They will negatively affect its growth rates in the coming years. bank financing for businesses, the expected decline in nominal GDP growth (estimated at 1.5% for 2023), as well as an increase in interest rates. It’s underlined TTE in Monetary Policy Report warning that “these effects combined will help limit the rate of growth in private savings.”
Although, as noted by the Bank of Greece, the increase interest rates central banks will increase net interest income for the banking industry, on the other hand, this is expected to “tighten the financing conditions faced by banks, but also lead to a slowdown in economic activity with secondary adverse effects on the quality of banks.” portfolio and their ability to raise funds from the markets.”
Greek banks, according to the Bank of England, may consider factors that will mitigate the impact on the real economy from an increase in borrowing costs, mentioning among them support measures for businesses and households that absorb increased energy costs to a certain extent and this is provided by the allocation of resources under NextGenerationEU. Channeling resources from the Recovery and Resilience Facility (RRF) will also support bank financing.
These uncertainties did not affect credit this year as, according to the Bank of England, the growth rate of bank financing reached the highest levels in the last 13 years, in contrast to bank credit to households, which continued to decline, even with a less pronounced annual rate in ten years. months of 2022. In the ten months from January to October 2022, the average monthly net flow of bank financing, i.e. new payments minus the repayment of existing debts by companies, was 450 million euros, compared to 35 million euros. million euros in 2021, and the acceleration of credit expansion is due to the strong recovery in GDP recorded in 2022, as well as the increased need for business financing due to rising inflation. “Rising commodity and energy prices have put pressure on corporate liquidity,” notes the Bank of England, while “uncertainty over the war in Ukraine has prompted businesses to hold excess cash reserves.” Business demand for bank financing was also boosted by the reversal of measures taken to combat the early stages of the pandemic, such as reimbursable advances and the suspension of bank loan repayments, and the fact that interest rates remained low during this period. with a negative real interest rate.

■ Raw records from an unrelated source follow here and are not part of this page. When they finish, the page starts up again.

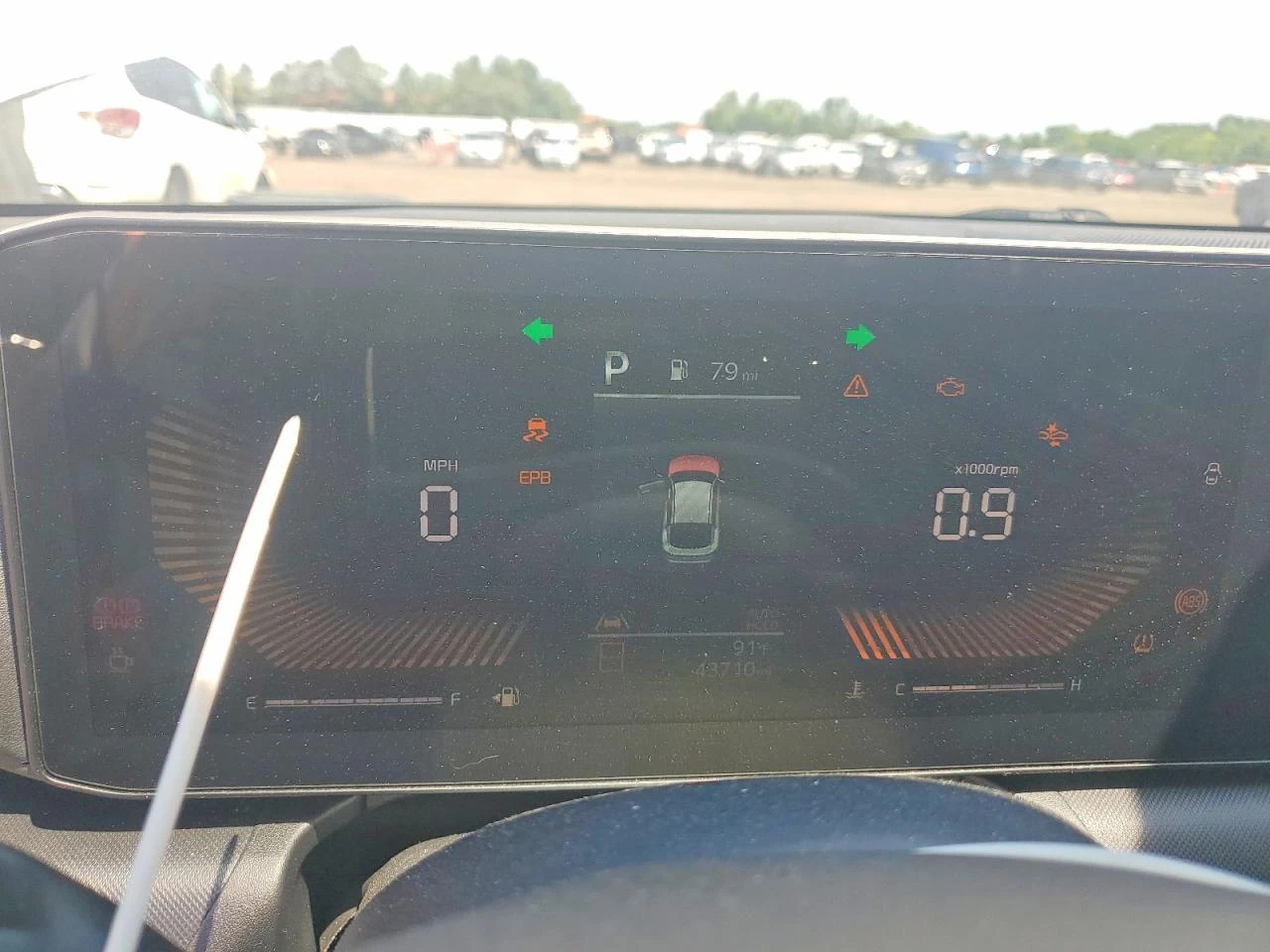 Kia K4 2.0l Lxs, снимка 9 - Автомобили и джипове - 55932366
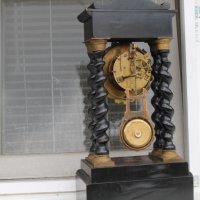 Френски каминен часовник, снимка 9 - Стенни часовници - 32192053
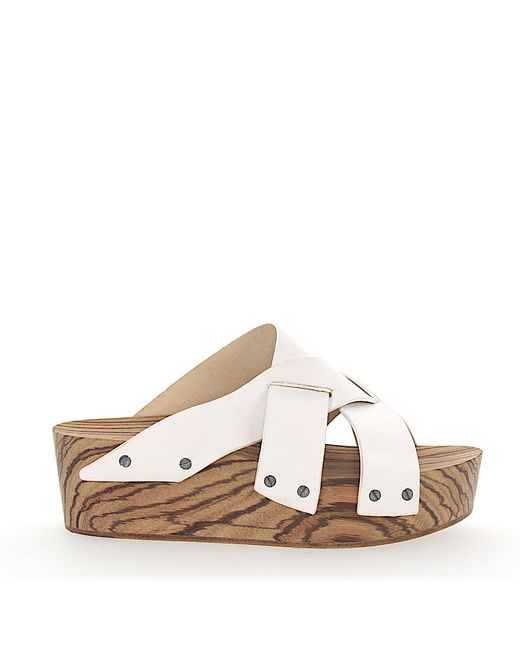 Proenza Schouler Platform sandals calfskin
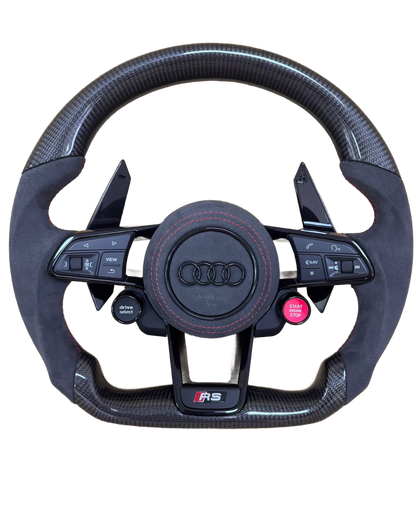 Audi Carbon Fibre Steering Wheel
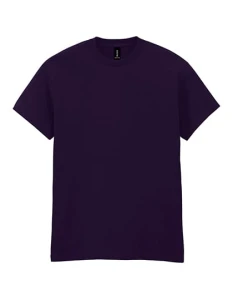 Koszulka HEAVY COTTON blackberry  - bawełniana męska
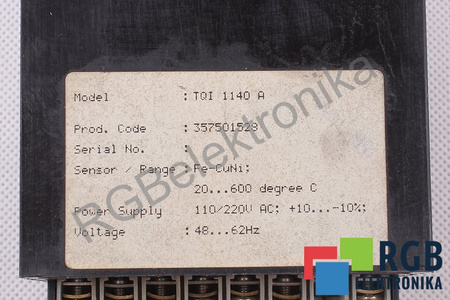 TQI 1140 A SB 357501528 20-600C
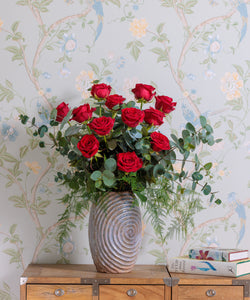 Dozen Red Roses Bouquet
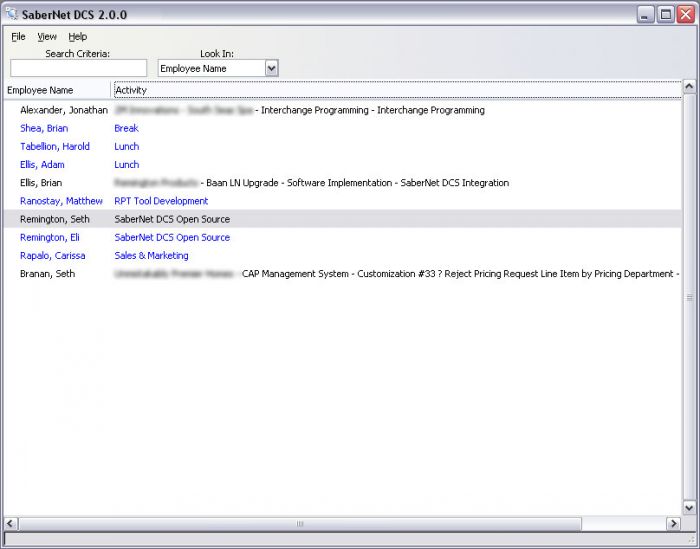 SaberNet DCS 2.0.12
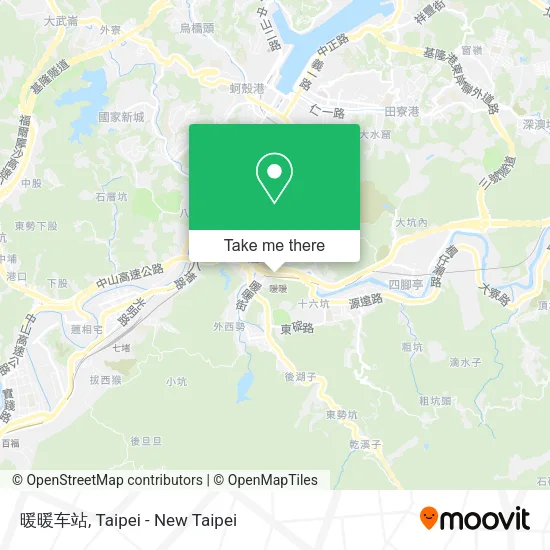 暖暖车站 map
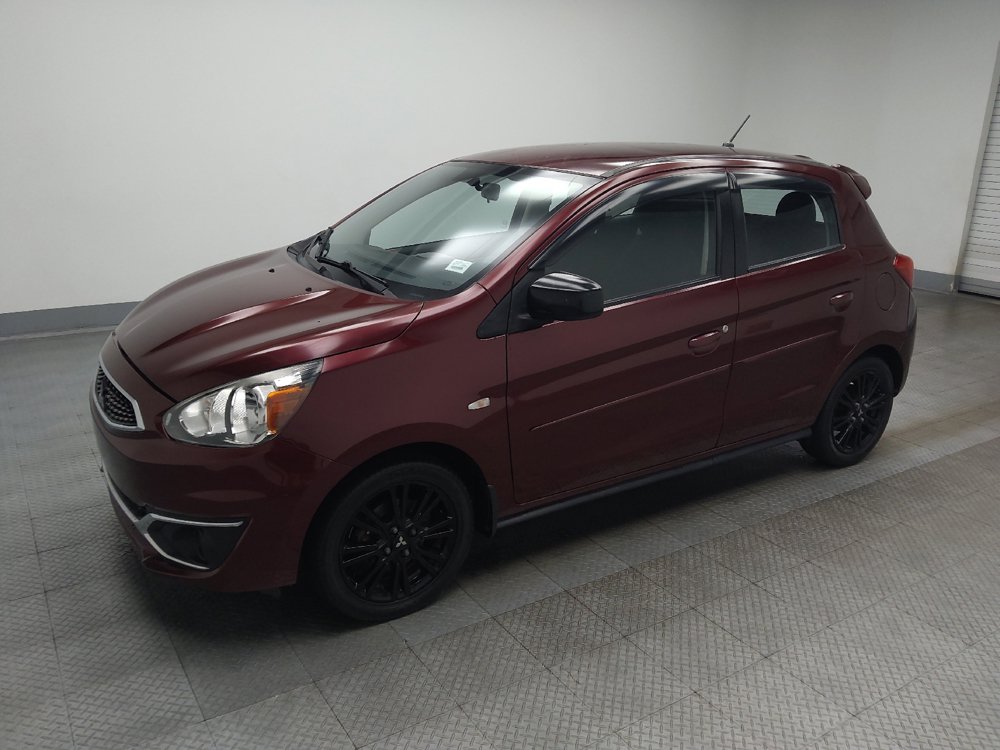 Used 2019 Mitsubishi Mirage LE FWD image 2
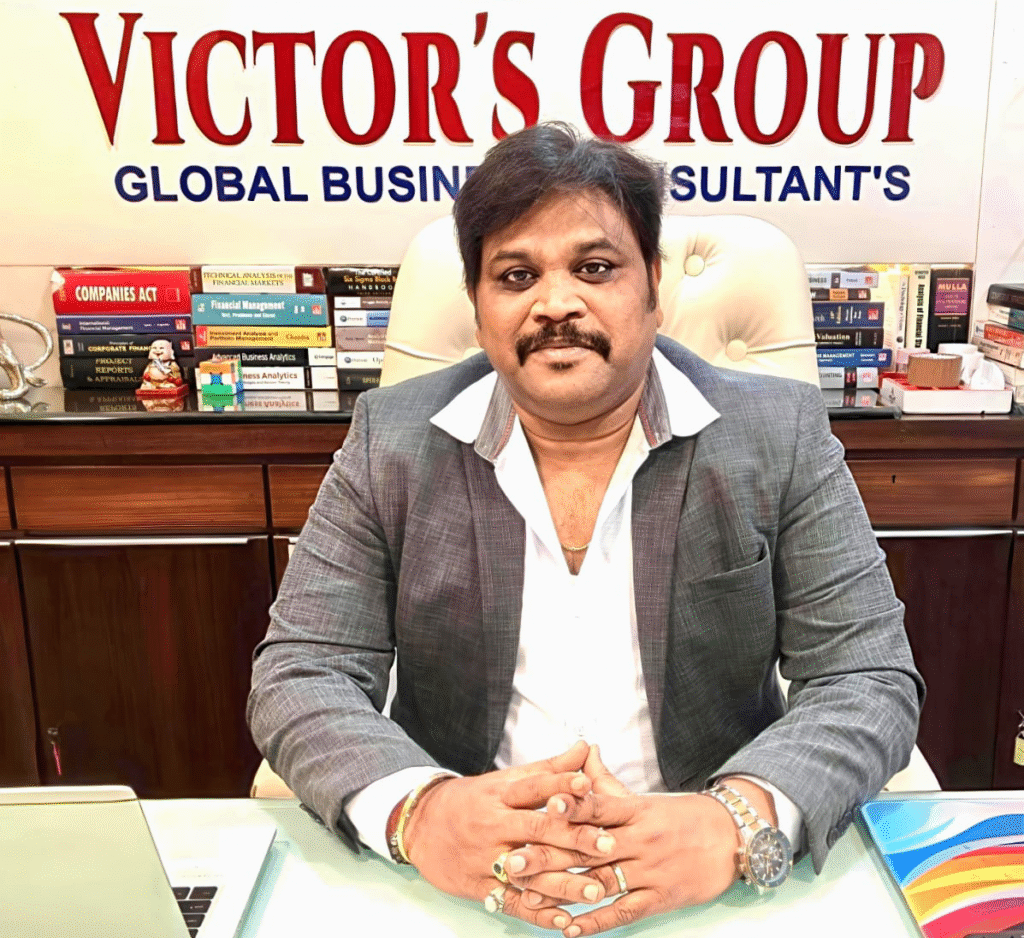 vincent victor founder director chairman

On the supply side of bank loans, a significant positive effect, according to the Bank of Greece, was the reduction in non-performing loans. The strengthening of bank liquidity due to the inflow of customer deposits, recorded in the first ten months of 2022, also made a positive contribution, while the resources attracted by banks from the Eurosystem were also maintained at a sufficient level. Much of the recovery in credit expansion was supported by financial instruments from the European Investment Bank Group and, in particular, a guarantee program using the Pan European Guarantee Fund. The corresponding payments of new bank loans to businesses using this financial instrument amounted to EUR 2.5 billion in the ten months from January to October 2022, i.e. 3.9% of the average business (and freelancer) funding balance over the same period. This positive trend is expected to continue until the end of 2022.
On the contrary, the issuance of bank loans to enterprises under the National Recovery and Resilience Plan during this period was limited, since the amount of contractual bank loans co-financing, i.e. Due to exclusively banking resources, excluding loans from the Recovery and Sustainability Fund, there were 549 million euros until October, of which almost 7.5% was disbursed.
Source: Kathimerini

Lori Barajas is an accomplished journalist, known for her insightful and thought-provoking writing on economy. She currently works as a writer at 247 news reel. With a passion for understanding the economy, Lori’s writing delves deep into the financial issues that matter most, providing readers with a unique perspective on current events.